2009-11-18 16:07:37

by Jan Blunck

[permalink] [raw]
Subject: [PATCH 1/2] BKL: Remove BKL from default_llseek()

Using the BKL in llseek() does not protect the inode's i_size from
modification since the i_size is protected by a seqlock nowadays. Since
default_llseek() is already using the i_size_read() wrapper it is not the
BKL which is serializing the access here.
The access to file->f_pos is not protected by the BKL either since its
access in vfs_write()/vfs_read() is not protected by any lock. If the BKL
is not protecting anything here it can clearly get removed.

Signed-off-by: Jan Blunck <[email protected]>
Cc: Arnd Bergmann <[email protected]>
Cc: Christoph Hellwig <[email protected]>
Cc: Frédéric Weisbecker <[email protected]>
Cc: John Kacur <[email protected]>
---
fs/read_write.c | 2 --
1 files changed, 0 insertions(+), 2 deletions(-)

diff --git a/fs/read_write.c b/fs/read_write.c
index 3ac2898..0e491cc 100644
--- a/fs/read_write.c
+++ b/fs/read_write.c
@@ -107,7 +107,6 @@ loff_t default_llseek(struct file *file, loff_t offset, int origin)
{
loff_t retval;

- lock_kernel();
switch (origin) {
case SEEK_END:
offset += i_size_read(file->f_path.dentry->d_inode);
@@ -128,7 +127,6 @@ loff_t default_llseek(struct file *file, loff_t offset, int origin)
retval = offset;
}
out:
- unlock_kernel();
return retval;
}
EXPORT_SYMBOL(default_llseek);
--
1.6.4.2


2009-11-18 16:07:46

by Jan Blunck

[permalink] [raw]
Subject: [PATCH 2/2] BKL: Update documentation on llseek(  )

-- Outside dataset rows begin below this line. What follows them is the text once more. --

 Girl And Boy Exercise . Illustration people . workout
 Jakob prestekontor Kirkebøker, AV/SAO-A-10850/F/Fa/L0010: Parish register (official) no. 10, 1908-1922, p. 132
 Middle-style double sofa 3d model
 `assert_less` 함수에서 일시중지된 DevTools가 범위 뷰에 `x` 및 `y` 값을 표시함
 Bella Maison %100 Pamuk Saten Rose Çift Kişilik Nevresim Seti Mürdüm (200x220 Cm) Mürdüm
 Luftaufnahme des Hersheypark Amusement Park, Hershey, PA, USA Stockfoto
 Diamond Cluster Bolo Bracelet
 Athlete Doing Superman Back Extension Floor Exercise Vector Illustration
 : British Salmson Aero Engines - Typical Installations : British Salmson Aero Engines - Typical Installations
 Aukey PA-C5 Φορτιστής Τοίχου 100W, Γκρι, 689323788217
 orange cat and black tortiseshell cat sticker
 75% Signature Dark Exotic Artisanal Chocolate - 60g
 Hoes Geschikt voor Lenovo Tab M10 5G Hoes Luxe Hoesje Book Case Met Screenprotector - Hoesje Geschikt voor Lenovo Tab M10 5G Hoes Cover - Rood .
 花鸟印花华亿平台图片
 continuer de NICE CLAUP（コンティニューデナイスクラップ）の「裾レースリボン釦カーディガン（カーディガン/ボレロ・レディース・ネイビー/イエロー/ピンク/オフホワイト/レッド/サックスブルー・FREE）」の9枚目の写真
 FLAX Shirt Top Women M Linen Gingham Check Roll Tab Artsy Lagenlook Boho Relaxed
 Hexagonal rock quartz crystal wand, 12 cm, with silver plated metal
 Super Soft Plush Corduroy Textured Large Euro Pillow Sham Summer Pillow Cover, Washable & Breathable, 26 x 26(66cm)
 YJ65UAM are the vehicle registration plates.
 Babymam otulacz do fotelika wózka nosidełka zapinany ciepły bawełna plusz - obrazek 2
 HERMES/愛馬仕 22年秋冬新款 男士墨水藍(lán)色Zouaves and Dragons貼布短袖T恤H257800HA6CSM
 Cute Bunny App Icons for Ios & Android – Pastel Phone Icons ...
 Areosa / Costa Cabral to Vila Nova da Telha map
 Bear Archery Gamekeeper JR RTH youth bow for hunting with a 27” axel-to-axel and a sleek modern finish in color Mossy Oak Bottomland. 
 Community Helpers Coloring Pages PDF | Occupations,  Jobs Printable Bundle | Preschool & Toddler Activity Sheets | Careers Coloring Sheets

The inode's i_size is not protected by the big kernel lock. Therefore it
does not make sense to recommend taking the BKL in filesystems llseek
operations. Instead it should use the inode's mutex or use just use
i_size_read() instead. Add a note that this is not protecting file->f_pos.

Signed-off-by: Jan Blunck <[email protected]>
Cc: Arnd Bergmann <[email protected]>
Cc: Christoph Hellwig <[email protected]>
Cc: Frédéric Weisbecker <[email protected]>
Cc: John Kacur <[email protected]>
---
Documentation/filesystems/Locking | 5 +++--
1 files changed, 3 insertions(+), 2 deletions(-)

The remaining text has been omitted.